By Chinenye Anuforo
Africa’s digital economy received a major boost on Thursday as Open Access Data Centres (OADC) officially launched its Open Access Fabric (OAfabric) platform in Nigeria and the Democratic Republic of Congo (DRC).
The new platform, described by OADC’s Chief Executive Officer, Dr Ayotunde Coker, as a shift in what is possible for Africa’s digital economy, is designed to dismantle long-standing barriers that have slowed down cloud adoption, enterprise growth, and cross-border interconnection across the continent.
OAfabric, now live at OADC Lagos and OADC Texaf in Kinshasa, offers businesses direct, low-latency, and secure interconnection to global cloud platforms and local ecosystems, tackling high internet transit costs, latency challenges, regulatory hurdles, and the absence of affordable colocation infrastructure.
“We designed OAfabric around the real challenges African businesses face. It is about solving problems, reducing the cost to compute, improving performance, unlocking access to cloud and content, and creating an environment where companies can scale with confidence while accelerating time to market,” Coker said at a press conference in Lagos.
The launch marks the latest milestone in WIOCC Group’s broader pan-African strategy, which has steadily expanded from its first major project, the Eastern Africa Submarine System (EASSy) cable subsea investment in East Africa, to a continent-wide digital infrastructure network. The company today boasts strategic stakes in Google’s Equiano and Meta’s 2Africa cables, national fibre rollouts in Nigeria and South Africa, and hyperscale-ready data centres across Lagos, Kinshasa, Johannesburg, Durban, and Cape Town.
Coker emphasised that Nigeria, with its strategic geographic advantage, stands to benefit enormously from OAfabric. Lagos enjoys latency of about 50 milliseconds to Europe, half of what standard open internet connections deliver, making it a prime hub for international cloud adoption and AI workloads.
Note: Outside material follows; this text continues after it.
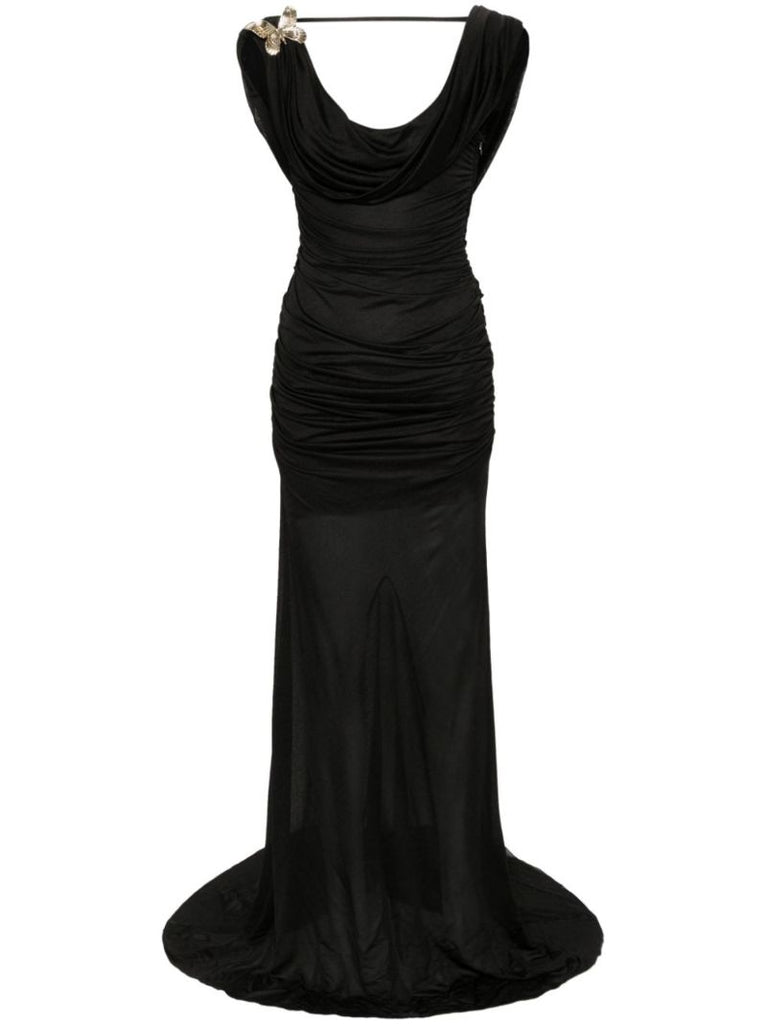 Black Draped Jersey Gown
“OAfabric is not just infrastructure; it represents transformation. By removing barriers and enabling seamless, high-performance peering between local and global players, it provides the frictionless interconnection needed to access digital services more efficiently,” Coker added.
The OAfabric platform integrates directly with OADC’s carrier-neutral data centres, already home to carriers, internet exchanges, and enterprises. In Lagos, the flagship Lekki data centre is operational with 2MW capacity and plans to scale up to 24MW, while Kinshasa’s facility has transformed the city’s digital landscape in just months, mirroring the growth Lagos experienced a decade ago.
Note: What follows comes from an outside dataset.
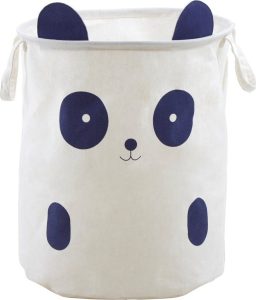 B&iacute;l&yacute; l&aacute;tkov&yacute; dětsk&yacute; ko&scaron; na hračky &oslash; 38x48 cm Mimo Panda Face &ndash; Premier Housewares Premier Housewares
Beyond performance, resilience is another core strength. During last year’s subsea cable cuts, WIOCC’s infrastructure enabled Nigeria’s connectivity to be restored in days rather than months, underscoring the company’s $500 million investment in subsea capacity and redundant architecture.
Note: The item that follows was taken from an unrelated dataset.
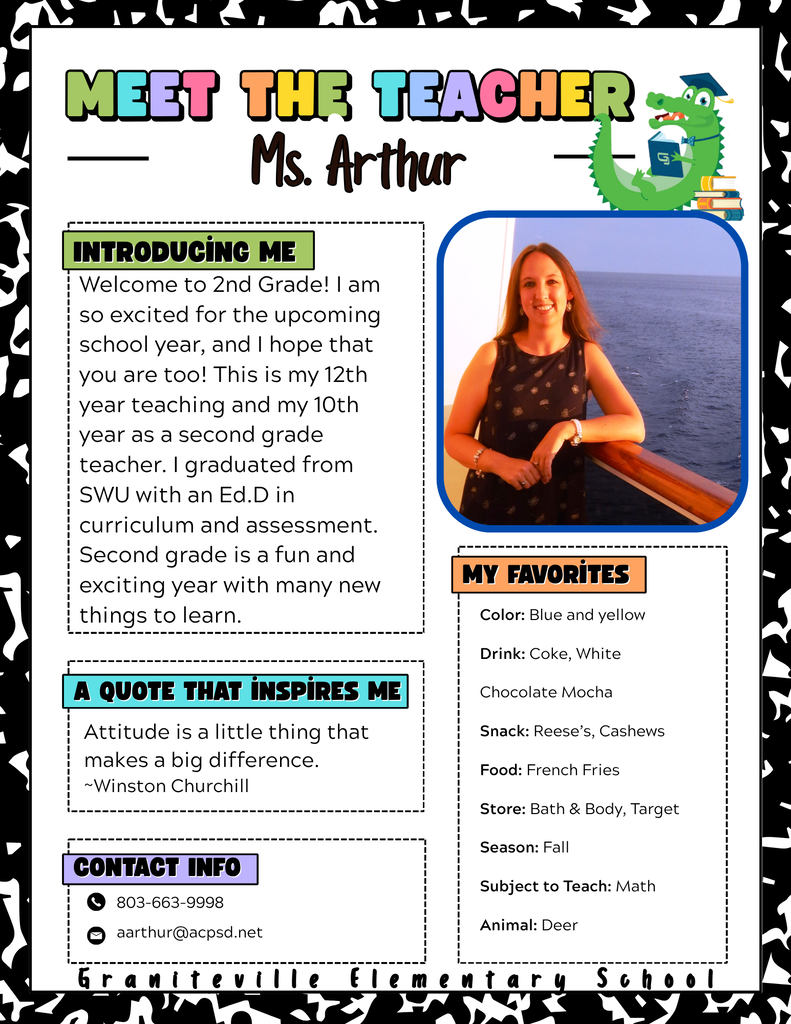 Image is a flyer introducing Ms. Arthur, a second grade teacher at Graniteville Elementary School. She is wearing a black dress and smiling at the camera.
With AI and cloud driving new demands for compute, dense interconnection, and scalable power, OAfabric positions Africa for the next phase of digital growth. Expansion into additional African markets is already planned, with the aim of creating a truly pan-African digital fabric.
“OAfabric makes what was once difficult, expensive, or out of reach now possible. This is Africa building for Africa on a global standard,” Coker said.